Прощаясь с псаломщиком, он вспомнил историю с Данилой, и она показалась ему еще более забавной…

— А и чудак этот Данила! Ха-ха-ха!.. Отрок, — говорит, — а мы вот отпели за младенца!.. За-абавная история!.. Ха… Надо будет вечером рассказать матушке, она любит потешное!..

Сторож Дмитрий в ризнице убирал поповские облачения… Данила молитвенно стоял перед иконостасом и беззвучно шевелил губами. Глухая, не находящая утешения скорбь охватывала его всего.

Туманом застилало глаза, и в нем плыли лики святых в позолоте, резьба алтаря и церковные украшения, как что-то чуждое, холодное, и жестокое.

Тяжелым мутным пятном проплывала в этом же тумане вся его мужицкая жизнь — убогая, обиженная и горькая от начала до конца…

Ни света, ни радости, ни утешения нет в этой его жизни. Голод, болезни, тяжелый труд, заботы… А теперь вот нет и Павла… За что? Господи, за что такая напасть?

Где-то продолжала сверлить в воздухе муха… Данила ничего не слышал. Сторож погасил свечи. Из пустых и неуютных углов ползли и вторгались в душу Данилы мучительные сомненья, и одна мысль стучала молотком в голове:

«Павла уже нет… и не будет!..»

А вперебой с этой мыслью кто-то другой со злым и насмешливым хохотом кричал издевательски в самое ухо:

— Отрок, отрок… не примет его бог в свое царство!..

— Отрок, а отпели за младенца!.. Ха-ха…

Как в жутком сне вышел Данила из церкви.

Солнце спускалось за горизонт. Кровавыми багрецами рдели края облаков. Данила со страхом посмотрел на них, и стало жутко. Кровавые полосы на небе разрастались и полыхали перед глазами, как пожар. Вот они залили кровавым потоком полнеба. Нет, это не облака, а вся жизнь встает сплошным кровавым пожаром… И в этой неизъяснимой жути, казалось, выплывало грозное разгневанное лицо того, кто владеет и распоряжается жизнью, лицо грозного и неумолимого бога, а фиолетовые полосы облаков рассыпаны, как космы волос на его большой голове. Лицо бога, жестокого и беспощадного к нему, Даниле, несчастному и измученному труженику земли.

«Отрок! Не примет бог отрока в царство свое! Грех великий!»

Болью задрожала каждая частица внутри Данилы.

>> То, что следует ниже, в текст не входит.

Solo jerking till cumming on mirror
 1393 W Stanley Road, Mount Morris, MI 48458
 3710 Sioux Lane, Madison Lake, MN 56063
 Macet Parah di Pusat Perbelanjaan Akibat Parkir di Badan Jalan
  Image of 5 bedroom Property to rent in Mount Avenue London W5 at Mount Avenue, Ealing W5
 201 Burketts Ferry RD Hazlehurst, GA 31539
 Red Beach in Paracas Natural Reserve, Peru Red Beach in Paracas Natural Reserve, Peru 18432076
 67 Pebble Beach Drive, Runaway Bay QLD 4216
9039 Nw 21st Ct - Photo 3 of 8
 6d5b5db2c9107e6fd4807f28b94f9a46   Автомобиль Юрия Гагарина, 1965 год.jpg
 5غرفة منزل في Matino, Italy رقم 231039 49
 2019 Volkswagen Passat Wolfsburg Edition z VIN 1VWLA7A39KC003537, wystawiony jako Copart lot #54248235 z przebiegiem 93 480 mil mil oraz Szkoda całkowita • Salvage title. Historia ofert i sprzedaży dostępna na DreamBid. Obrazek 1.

— Э-эх, жизнь горькая! — со стоном выдохнул он из себя. — Да за что же ты, господи, наказываешь? Чем я прогневал тебя?..

Шатаясь на ногах, он пересек церковную площадь. И было такое чувство, что злая и неумолимая хищная птица кружит над ним и не дает ему ни света, ни радости, ни покоя.

— Э-эх, доля проклятая! Хоть сам ложись в гроб да помирай!..

И вместе с тоской где-то в далеких тайниках сердца загоралось новое неизведанное чувство гнева ко всему, что делает его жизнь такой темной, безрадостной и несправедливо обиженной. И зарождалась глухая вражда и дерзость.

Но против кого эта вражда, Данила еще не мог дать себе отчета…

1913.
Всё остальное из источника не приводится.